The Razorfish Digital Outlook for 2009 came out last week and as always, it’s a great (but long) read.  Given the report measures over 175 pages from start to finish, I wanted to take a couple of days and really read through it all the way.  While others have captured the broad themes of the report, I wanted to focus on some of the specific commentary that really stood out to me.  This included:

  • At every industry conference you’ll hear someone make a compelling case that the future of creating and sustaining brands is in building experiences, not just in producing great advertising…For a growing number of brands, the digital experience is becoming as important as the actual physical product. [pg 8]
  • With this expanded palette, we can build experiences that become an integral part of the brand. Experiences that have the ability to add value, create new categories, surprise, delight, serve, simplify, entertain and tell a story in an entirely new, richer way than ever before possible. [pg 8]
  • “The year of mobile” has come and gone withbthe advent of the iPhone. Mobile is still an area of tremendous growth but the idea that it will have a “break-out year” has passed… The question brands need to ask themselves now as it relates to mobile is: how can they add value to their customers’ lives in this environment?… provide the convenience of relevant information at your fingertips when and where you want it. [pg 13]
  • “Portable” and “beyond-the-browser”opportunities will create new touchpoints for brands and content owners  But Apple’s iPod changed all that, launching a portable media revolution that continues to churn today.  Advances in smartphones and entertainment devices have delivered endless on-the-go options for music, video, social networking, news and email. Portable media has also come to mean that content unhinged itself from legacy devices; music is free from the turntable, primetime broadcast is no longer limited to the TV, and so on. The very things that define a media platform have become rather blurry.
  • Top-down branding will experience growing impotence. Most brand managers are used to defining their brands in relative isolation of the marketplace — or they do extensive customer research and see it as their jobs alone to define the brand (or the manifestation of the brand) in different forms. That’s going to change as consumers define the brands by the sheer volume of their opinions; they’ll be shaping the brands more than the brands will be shaping them.  As a result, in order for them to be remembered, brands will be forced to deliver much stronger value propositions to their customers. Cute advertising won’t be enough as the focus shifts to
    value exchanges. If you’re a brand manager, you can either fight this or treat it as an opportunity to take your career in a different direction. [pg 28]

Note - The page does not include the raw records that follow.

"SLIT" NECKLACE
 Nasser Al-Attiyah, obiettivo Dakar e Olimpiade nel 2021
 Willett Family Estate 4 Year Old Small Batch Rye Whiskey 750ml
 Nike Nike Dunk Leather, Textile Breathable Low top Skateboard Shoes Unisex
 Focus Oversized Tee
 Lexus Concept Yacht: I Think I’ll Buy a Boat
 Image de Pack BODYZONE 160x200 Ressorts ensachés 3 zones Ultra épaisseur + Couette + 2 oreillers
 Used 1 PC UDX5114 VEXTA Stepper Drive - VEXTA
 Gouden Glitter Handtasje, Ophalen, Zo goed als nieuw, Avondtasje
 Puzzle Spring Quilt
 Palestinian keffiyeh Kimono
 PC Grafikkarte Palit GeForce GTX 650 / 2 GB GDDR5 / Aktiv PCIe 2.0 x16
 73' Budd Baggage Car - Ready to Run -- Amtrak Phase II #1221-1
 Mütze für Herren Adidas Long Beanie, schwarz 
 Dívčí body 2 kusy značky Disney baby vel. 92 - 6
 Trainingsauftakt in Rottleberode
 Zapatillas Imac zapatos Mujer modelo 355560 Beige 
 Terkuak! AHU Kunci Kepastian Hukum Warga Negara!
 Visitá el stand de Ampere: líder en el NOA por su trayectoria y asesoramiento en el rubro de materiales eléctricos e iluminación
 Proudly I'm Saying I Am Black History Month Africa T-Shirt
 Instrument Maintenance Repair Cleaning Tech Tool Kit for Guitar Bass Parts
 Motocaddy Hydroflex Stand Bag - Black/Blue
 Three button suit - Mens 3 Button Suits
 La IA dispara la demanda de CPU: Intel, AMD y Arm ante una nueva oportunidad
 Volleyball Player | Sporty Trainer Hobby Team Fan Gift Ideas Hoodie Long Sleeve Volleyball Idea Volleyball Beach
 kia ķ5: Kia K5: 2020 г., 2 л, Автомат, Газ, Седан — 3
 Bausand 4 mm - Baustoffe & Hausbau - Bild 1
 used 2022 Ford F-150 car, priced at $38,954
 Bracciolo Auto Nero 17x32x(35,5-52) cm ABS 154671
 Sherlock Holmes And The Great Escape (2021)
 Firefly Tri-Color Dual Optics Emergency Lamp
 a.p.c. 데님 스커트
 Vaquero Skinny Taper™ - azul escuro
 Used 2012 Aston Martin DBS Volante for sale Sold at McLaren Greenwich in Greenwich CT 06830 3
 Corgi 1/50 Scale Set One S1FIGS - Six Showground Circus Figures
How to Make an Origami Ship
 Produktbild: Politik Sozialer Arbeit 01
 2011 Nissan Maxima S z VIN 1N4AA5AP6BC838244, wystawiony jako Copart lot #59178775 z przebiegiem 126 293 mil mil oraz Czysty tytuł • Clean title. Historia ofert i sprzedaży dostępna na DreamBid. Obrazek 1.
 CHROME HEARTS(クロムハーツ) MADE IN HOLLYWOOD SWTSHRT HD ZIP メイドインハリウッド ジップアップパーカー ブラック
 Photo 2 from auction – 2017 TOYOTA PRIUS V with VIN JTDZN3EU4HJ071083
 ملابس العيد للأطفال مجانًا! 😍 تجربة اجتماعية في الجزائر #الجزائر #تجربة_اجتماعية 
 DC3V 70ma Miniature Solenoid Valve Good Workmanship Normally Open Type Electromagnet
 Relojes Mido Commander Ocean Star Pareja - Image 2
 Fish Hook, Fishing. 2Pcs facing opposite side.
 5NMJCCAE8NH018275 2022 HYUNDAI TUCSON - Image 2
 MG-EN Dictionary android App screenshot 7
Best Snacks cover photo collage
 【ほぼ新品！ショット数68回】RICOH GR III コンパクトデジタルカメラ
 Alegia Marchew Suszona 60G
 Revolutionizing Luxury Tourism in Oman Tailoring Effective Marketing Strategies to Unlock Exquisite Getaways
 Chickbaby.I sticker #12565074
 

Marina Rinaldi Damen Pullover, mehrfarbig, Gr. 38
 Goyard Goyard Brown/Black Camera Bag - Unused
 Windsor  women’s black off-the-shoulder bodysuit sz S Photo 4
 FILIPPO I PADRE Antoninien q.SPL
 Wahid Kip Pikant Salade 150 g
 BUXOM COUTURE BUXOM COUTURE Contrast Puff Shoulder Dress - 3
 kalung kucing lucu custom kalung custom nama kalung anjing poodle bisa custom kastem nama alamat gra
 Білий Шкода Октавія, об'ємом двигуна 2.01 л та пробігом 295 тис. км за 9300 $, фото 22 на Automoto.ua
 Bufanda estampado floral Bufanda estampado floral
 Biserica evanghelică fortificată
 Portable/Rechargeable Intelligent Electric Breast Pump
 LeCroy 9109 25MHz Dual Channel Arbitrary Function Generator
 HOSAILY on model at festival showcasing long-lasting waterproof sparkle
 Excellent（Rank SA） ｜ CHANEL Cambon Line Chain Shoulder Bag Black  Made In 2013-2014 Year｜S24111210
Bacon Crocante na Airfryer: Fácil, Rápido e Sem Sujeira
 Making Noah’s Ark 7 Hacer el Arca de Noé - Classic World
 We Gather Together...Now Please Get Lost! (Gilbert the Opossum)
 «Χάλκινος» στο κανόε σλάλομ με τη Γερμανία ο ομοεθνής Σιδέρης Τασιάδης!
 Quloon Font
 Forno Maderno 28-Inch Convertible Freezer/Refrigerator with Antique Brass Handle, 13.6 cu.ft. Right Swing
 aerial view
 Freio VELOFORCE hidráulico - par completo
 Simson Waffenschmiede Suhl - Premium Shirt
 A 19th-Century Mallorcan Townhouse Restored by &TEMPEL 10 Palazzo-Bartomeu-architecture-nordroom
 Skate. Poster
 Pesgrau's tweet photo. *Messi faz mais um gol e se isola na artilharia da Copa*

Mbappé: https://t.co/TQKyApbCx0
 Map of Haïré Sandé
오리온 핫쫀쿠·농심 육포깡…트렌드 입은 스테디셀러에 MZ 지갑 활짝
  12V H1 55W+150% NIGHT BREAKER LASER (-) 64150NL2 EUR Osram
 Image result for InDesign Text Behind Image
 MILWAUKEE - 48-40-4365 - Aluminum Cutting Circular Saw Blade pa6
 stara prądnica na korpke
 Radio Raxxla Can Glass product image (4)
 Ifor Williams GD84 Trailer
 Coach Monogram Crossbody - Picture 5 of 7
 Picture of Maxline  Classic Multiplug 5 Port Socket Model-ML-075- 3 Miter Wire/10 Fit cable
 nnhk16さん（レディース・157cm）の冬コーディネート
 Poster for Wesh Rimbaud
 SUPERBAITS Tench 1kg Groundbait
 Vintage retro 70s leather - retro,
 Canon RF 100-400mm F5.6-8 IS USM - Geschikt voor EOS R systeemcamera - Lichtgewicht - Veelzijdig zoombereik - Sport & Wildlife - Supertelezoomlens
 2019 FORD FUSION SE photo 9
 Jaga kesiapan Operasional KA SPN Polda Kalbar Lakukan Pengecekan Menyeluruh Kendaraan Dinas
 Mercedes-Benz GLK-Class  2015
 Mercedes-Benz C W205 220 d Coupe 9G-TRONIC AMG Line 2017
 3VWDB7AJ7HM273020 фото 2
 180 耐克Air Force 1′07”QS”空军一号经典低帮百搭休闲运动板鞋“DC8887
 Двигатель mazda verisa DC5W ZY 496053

  • Not just friends, but friendsters, will start to matter. There have been a lot of debates about whether a person’s “real” friends matter in a social graph — call it the tension between friends and friendsters. In 2009, we’re going to realize that loose ties (like your friendsters on Facebook) are as valuable as your strong ties (close friends)
    because they’re the ones that bring new ideas into your world and share your opinions with people who are further removed from you. [pg 29]
  • Marketers will organize around Social Influence Marketing™. In today’s organization, SIM is everyone’s stepchild. It is part public relations, part direct response, part brand marketing, part customer intelligence and part sales support, just to name a few categories. That will change in 2009 as marketing organizations discover the benefits in approaching it holistically.  Budgets will be put behind SIM and it will be treated as the third dimension of marketing with its own team, objectives and initiatives. This will also force corporations to rethink how they are organized, including agencies. Niche social media consulting firms will find it harder to compete as SIM goes mainstream. [pg 30]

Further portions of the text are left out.